I read Alexander George’s “On Washing the Fur without Wetting It” today. The assessment of he gives of the analyticity debate is very appealing. He gives some arguments that the standard interpretation of the debate is incorrect since it makes out Quine’s arguments to be too weak or Carnap to be too dense. I need to think about it some more before I can comment on the reconstruction, but I did want to comment on the moral that he draws. The big contribution of the paper is an explanation of how the different takes on analyticity change what is at stake in the debate. As George puts it:
“[F]or this distinction between kinds of truth is of a piece with one between kinds of difference, and so differences over anlyticity must affect how those very differences can be conceived. This is no doubt a source of the difficulty in obtaining a satisfactory perspective on the dispute…: for there appears to be no way even to judge what kind of dispute it is without thereby taking a side in it. To try to determine the nature of a disagreement over the nature of disagreements without taking any kind of position on that disagreement is just to try to wash the fur without wetting it.”
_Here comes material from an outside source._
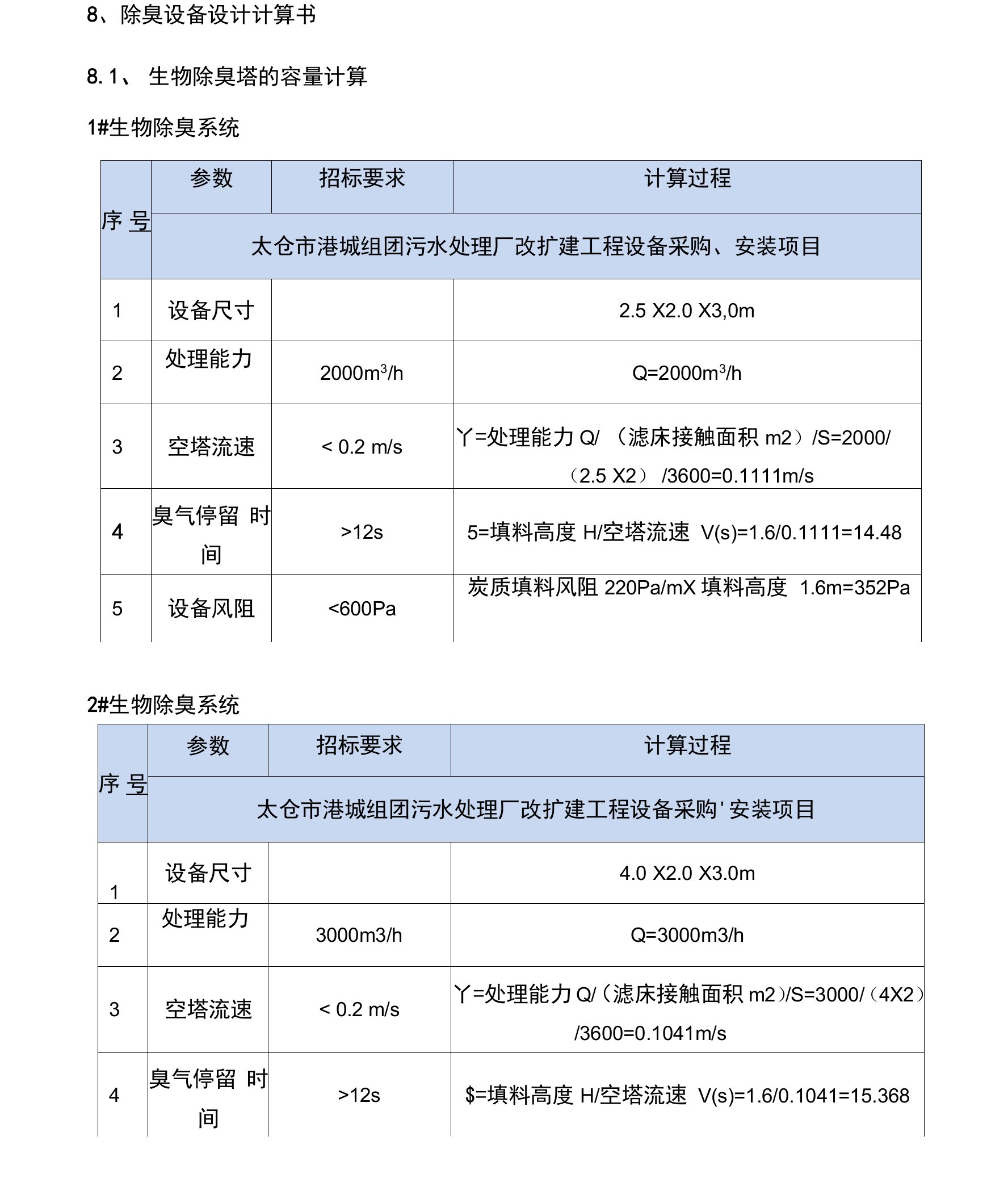 除臭设备设计计算书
The last sentence was included to explain the title. I don’t think the last sentence is correct in general. George makes a case that it applies to the different stands on analyticity in particular, which is all that is needed.

If one endorses the distinction like Carnap, the debate seems insubstantial since it appears to be a matter of framework external questions. If one denies the distinction like Quine, then it looks like there are substantial things at issue. George thinks this is so for Quine because once he rejects the distionction, “there is nowhere for any dispute to locate itself beyond the arena of factual disagreement.” If one looks at the debate as a Carnapian, it will look like Quine isn’t saying anything damaging against Carnap. If one looks at the debate as a Quinean, it will look like Carnap isn’t offering a strong defense. This leaves the question of how the exposition was since, according to George, we can’t approach this debate in a way that doesn’t beg the question on one side or the other. He seems to do a good job of appearing neutral, which would undermine his point.
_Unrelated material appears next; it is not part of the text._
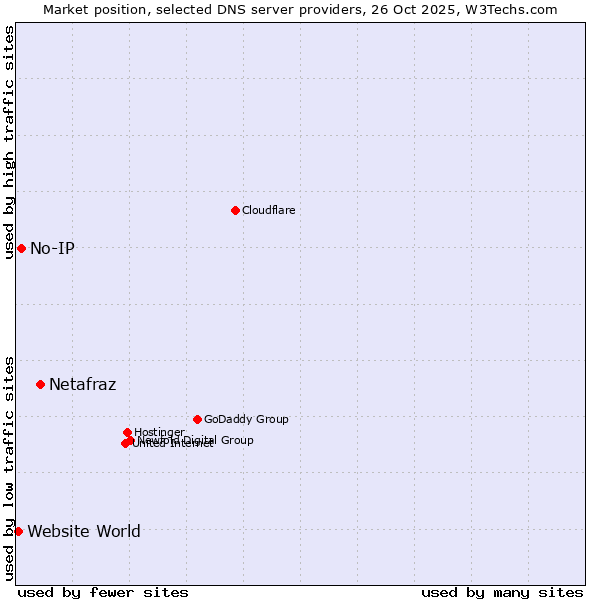 Market position of Netafraz vs. No-IP vs. Website World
Regardless, his reading is an improvement over the traditional ones because it makes some sense out of why this debate is so hard to get a grip on.
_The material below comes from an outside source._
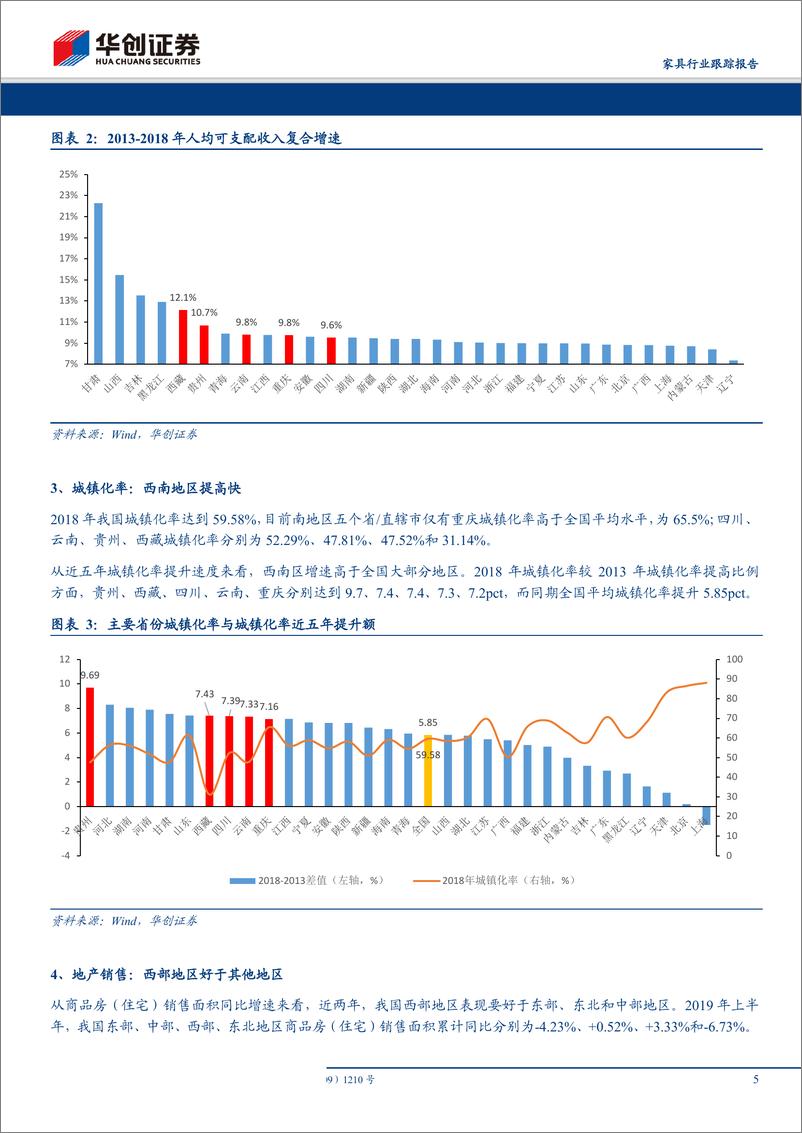 《家具行业跟踪报告：渠道变革加速，流量获取能力成取胜内核-20190905-华创证券-15页》 - 第6页预览图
The paper closes with a sort of aftermath for Quine. George argues that Quine’s empiricism and linguacentrism, the name for Quine’s view that one cannot escape a language and all systems of belief to pass judgment on disagreements ontological or otherwise. lead to a problem. Quine wants to maintain that theories can be incompatible and empirically equivalent but, in virtue of some more theoretical claims, one be true and the other false. This is dubbed “sectarianism.” Quine at some points later in life considered a view on which such empirically equivalent theories could both make a claim to truth. This is dubbed “ecumenical.” This position, George thinks, starts to look quite Carnapian. If two theories are empirically equivalent, then choosing one over the other is a pragmatic matter, hinging on no facts of the matter beyond the empirical on which they agree. The tension between (1) wanting to say one theory is true and the other false even though (2) there is no empirical evidence that could bear this out. (2) is supported by his empiricism, but I’m a bit confused about how linguacentrism is supposed to support (1). It seems like the rejection of the analytic/synthetic distinction is supposed to get the disagreement between theories into the realm of the empirical, in some sense, which realm would allow at most one to be true. Linguacentrism is supposed to be useful to Quine in responding to this, but I’m having trouble seeing it. George presses the tension, claiming that Quine is forced to be more like Carnap and adopt an ecumenical stance. In the end it is hard to see what Quine can end up maintaining that Carnap would disagree with.

If George is right up to this point, then his conclusion seems correct. He makes it sound like Quine didn’t see a fundamental tension in his own views. There is something about the latter part of the article that seems like a starting point for a response. This is how linguacentrism is the source of the problem. I may just need to read this part again, but in reviewing the article it seems like the support for (1) isn’t coming directly from that. Linguacentrism seems to be a side issue. This doesn’t eliminate the problem but it might sharpen it for a response. Another possibility, just for fun, is that this is another indication that Quine should give up empiricism, as Davidson urged. Of course, this is a different reason than the one Davidson provided. (What was that article?) Quine, of course, would hate this reply, as he indicated in his response to Davidson.